__Task statement__
All entries are to be printed again exactly, with their images omitted.

——

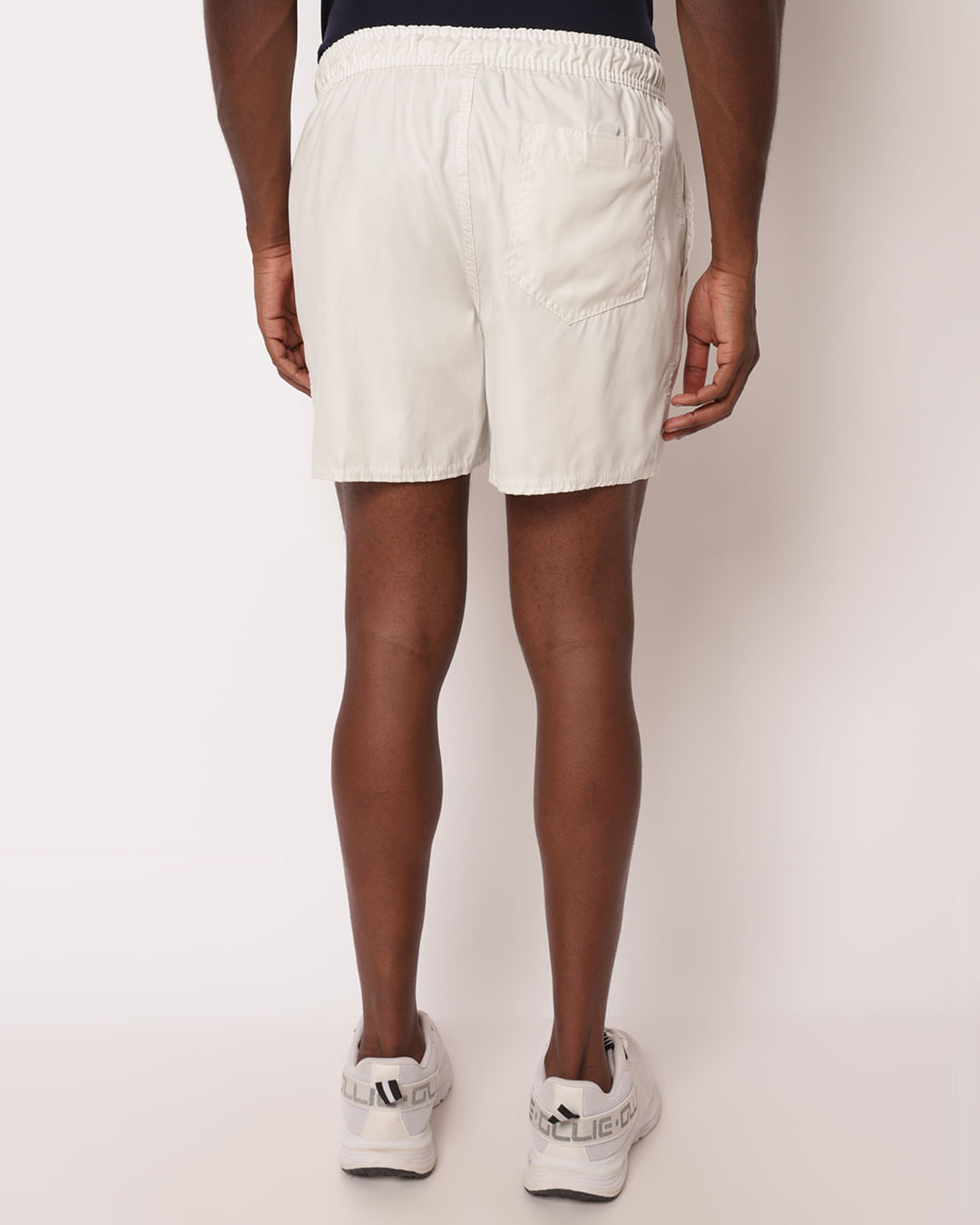 Berm-Taslon-Suede-112101-Lily-White---Off-White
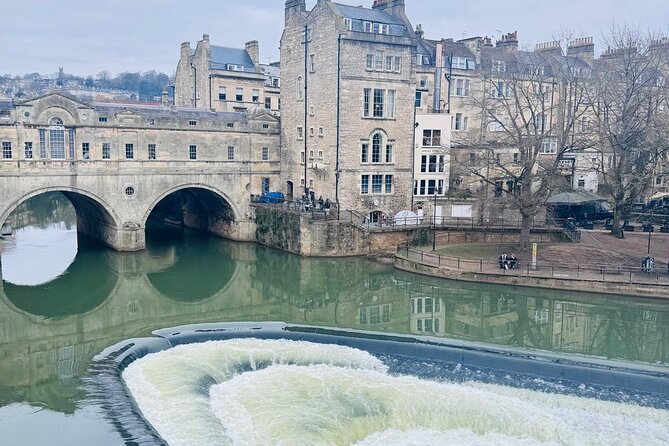 Private Full-Day Tour: London to Cotswolds, Bath & Stonehenge - Tickets, commentary, and what the $1,363.78 group price really covers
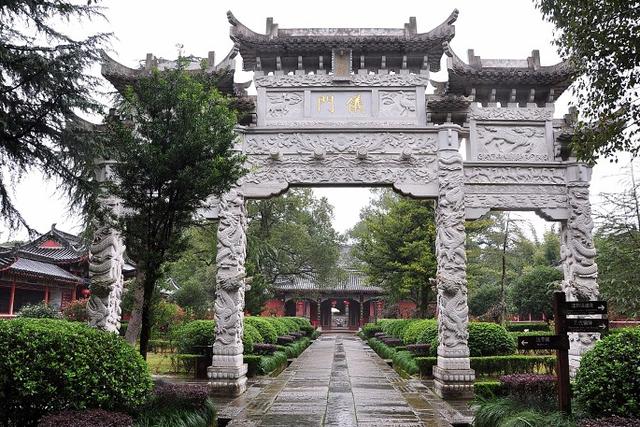 大明张天师评传丨张正常：暗下决心准备投靠朱元璋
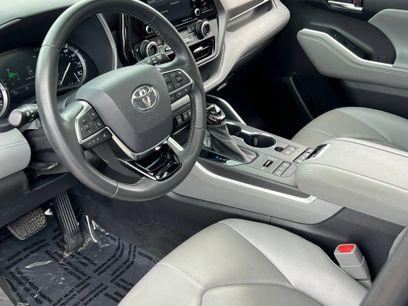 Used 2021 Toyota Highlander XLE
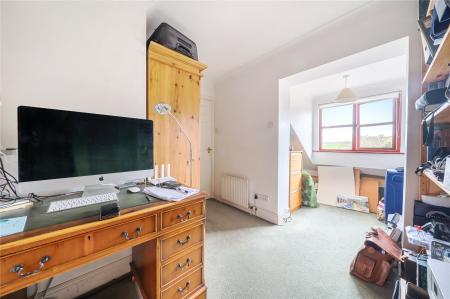 Bedroom/Office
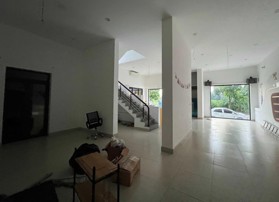 Cho thuê biệt thự mặt phố Sa Đôi 200m2, căn góc, Nam Từ Liêm 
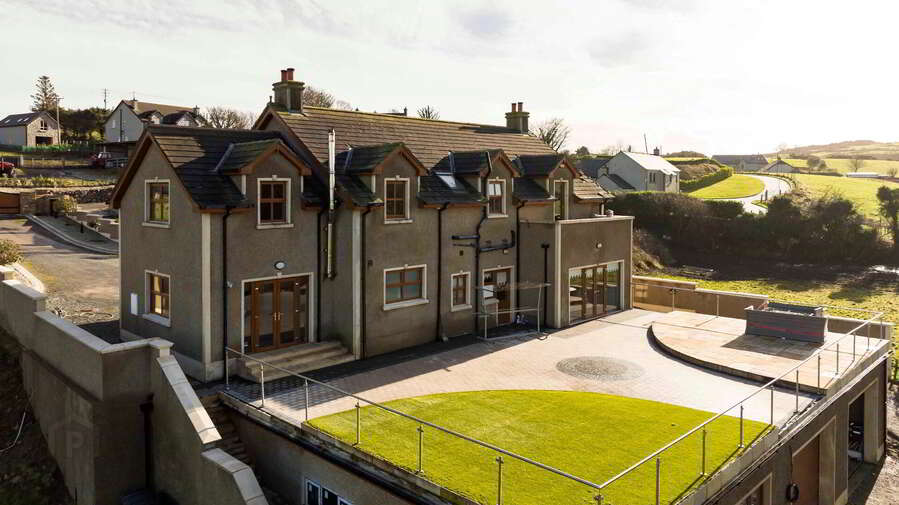 8 Carrogs Lane 8 Carrogs Lane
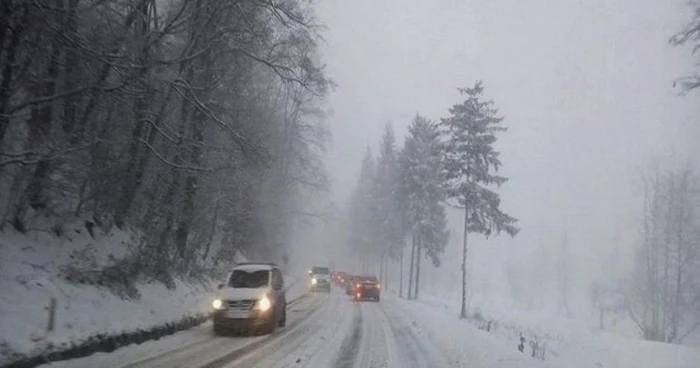 Şoferii, sfătuiţi să conducă prudent pe vreme rea FOTO Adevărul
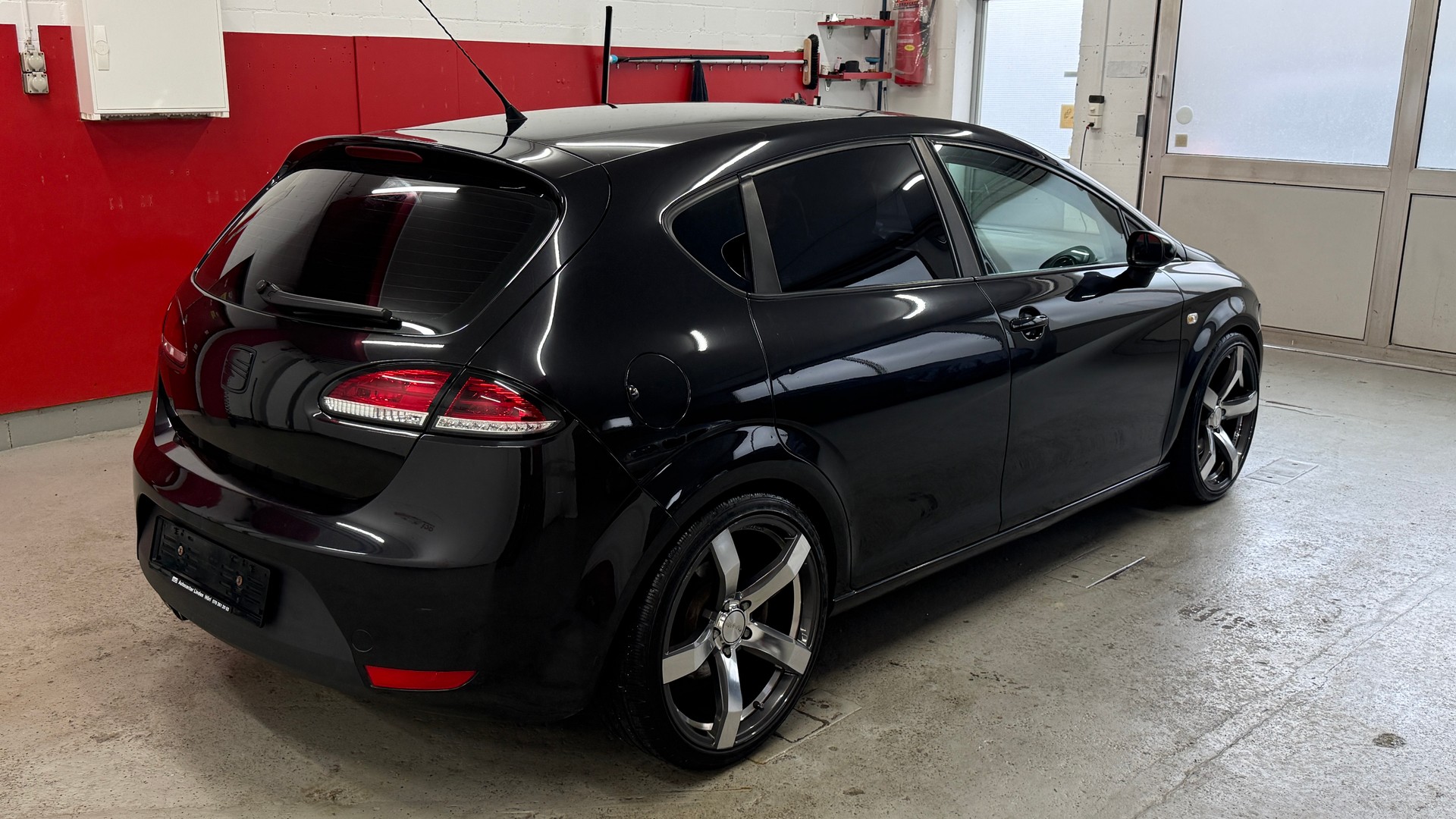 SEAT Leon 2.0 TSI FR, CH Fahrzeug, frisch ab MFK, Servicegepflegt, FR, Klima, 200PS, DAB, BT, USB, u.v.m-image-5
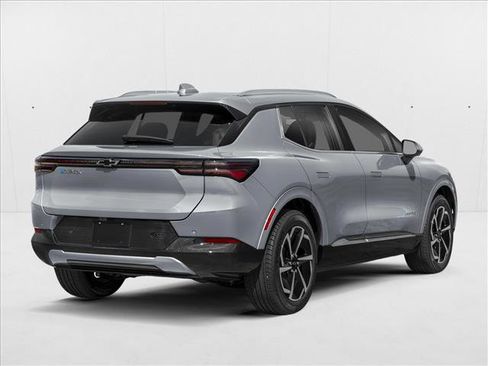 New 2026 Chevrolet Equinox EV LT image 2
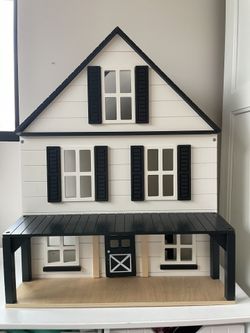 Pottery Barn Glenview Dollhouse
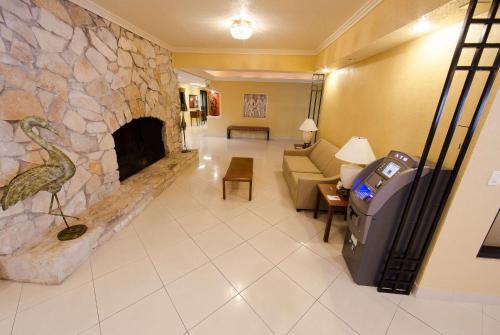 Ramada by Wyndham Houston Intercontinental Airport East - image 8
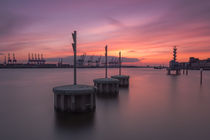 Hamburger Abendrot am Hafen by photobiahamburg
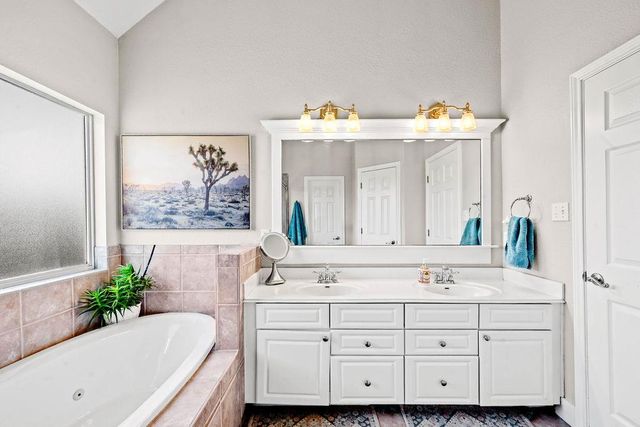 11 Elmwood CIR, Wimberley, TX 78676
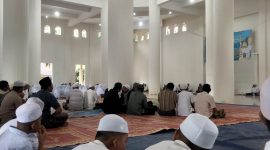 Masyarakat RT 5 kampung baruh asik mendengar ceramah ustadz Tengku Iskandar Manap 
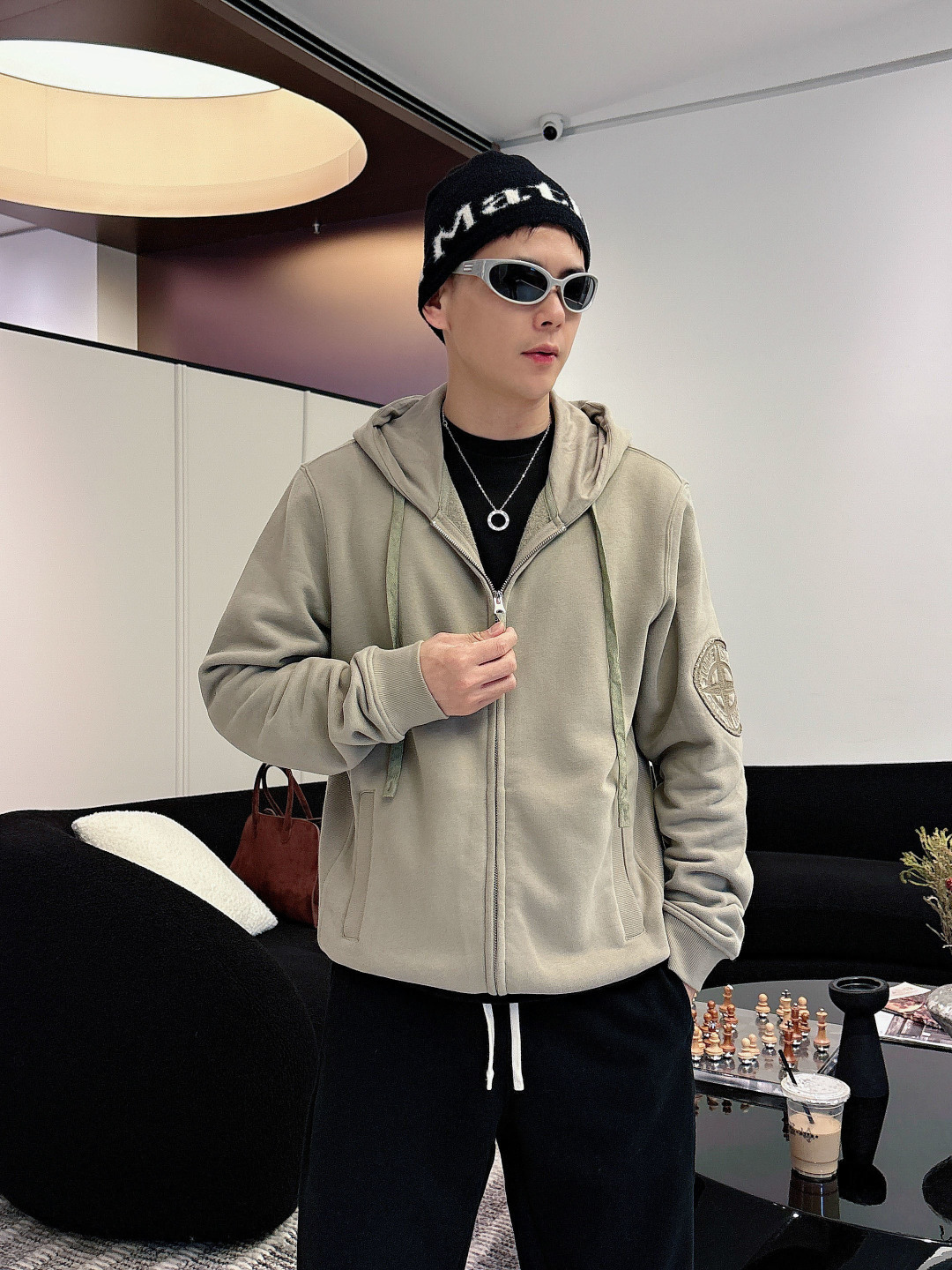 2025 秋冬新品 石头岛外套颜色： 黑色 灰色 青草绿码数：M-3XL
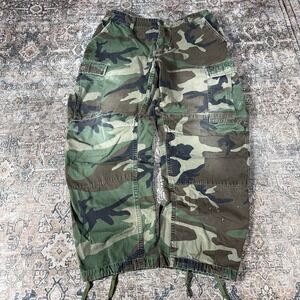 Vintage 90s Baggy Army Camo Cargo Pants Size M Short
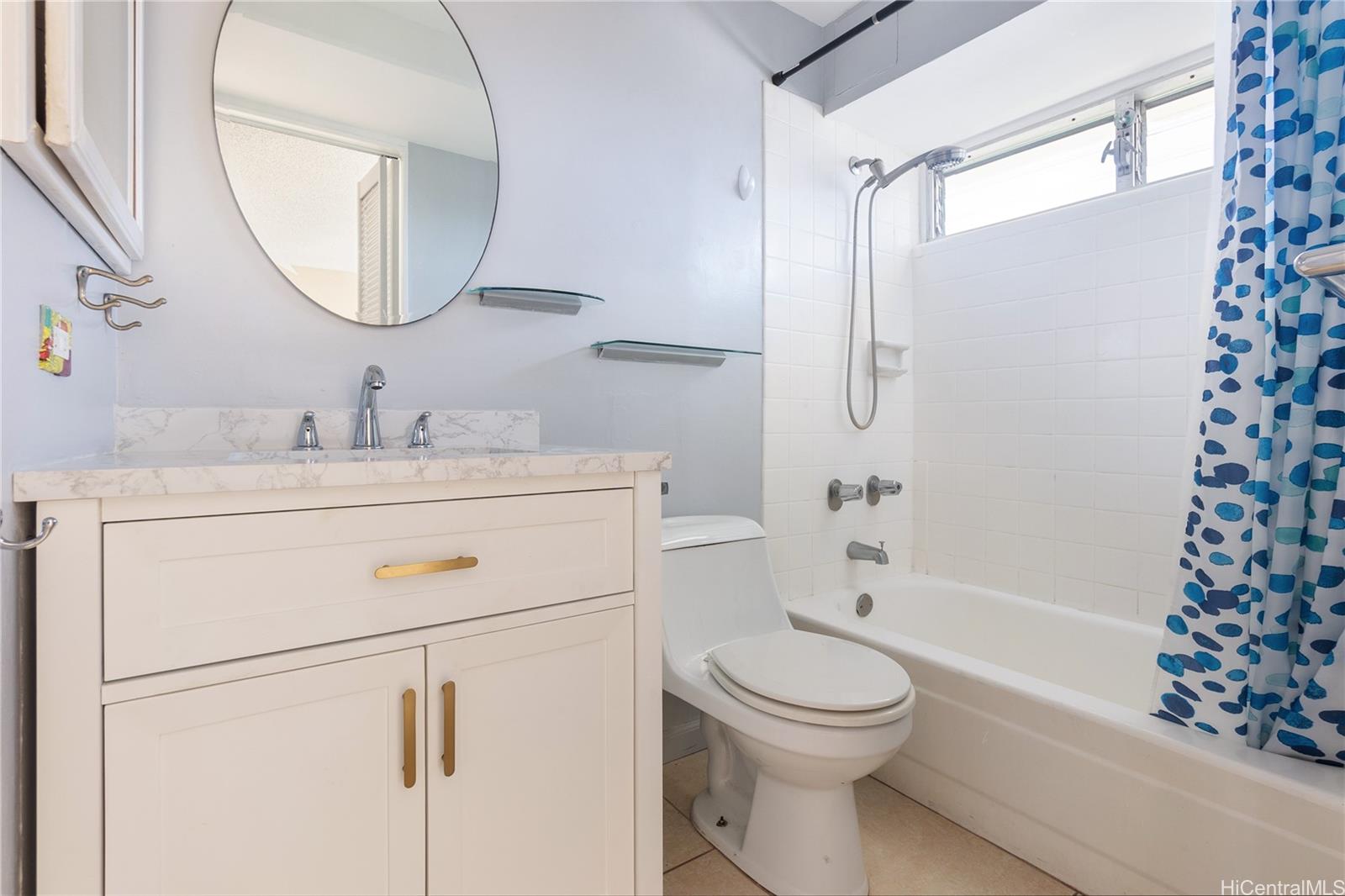 Regency Tower condo # 3401, Honolulu, Hawaii - photo 10 of 24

——

__Solved exercise__
 Berm-Taslon-Suede-112101-Lily-White---Off-White
 Private Full-Day Tour: London to Cotswolds, Bath & Stonehenge - Tickets, commentary, and what the $1,363.78 group price really covers
 大明张天师评传丨张正常：暗下决心准备投靠朱元璋
 Used 2021 Toyota Highlander XLE
 Bedroom/Office
 Cho thuê biệt thự mặt phố Sa Đôi 200m2, căn góc, Nam Từ Liêm 
 8 Carrogs Lane 8 Carrogs Lane
 Şoferii, sfătuiţi să conducă prudent pe vreme rea FOTO Adevărul
 SEAT Leon 2.0 TSI FR, CH Fahrzeug, frisch ab MFK, Servicegepflegt, FR, Klima, 200PS, DAB, BT, USB, u.v.m-image-5
 New 2026 Chevrolet Equinox EV LT image 2
 Pottery Barn Glenview Dollhouse
 Ramada by Wyndham Houston Intercontinental Airport East - image 8
 Hamburger Abendrot am Hafen by photobiahamburg
 11 Elmwood CIR, Wimberley, TX 78676
 Masyarakat RT 5 kampung baruh asik mendengar ceramah ustadz Tengku Iskandar Manap 
 2025 秋冬新品 石头岛外套颜色： 黑色 灰色 青草绿码数：M-3XL
 Vintage 90s Baggy Army Camo Cargo Pants Size M Short
 Regency Tower condo # 3401, Honolulu, Hawaii - photo 10 of 24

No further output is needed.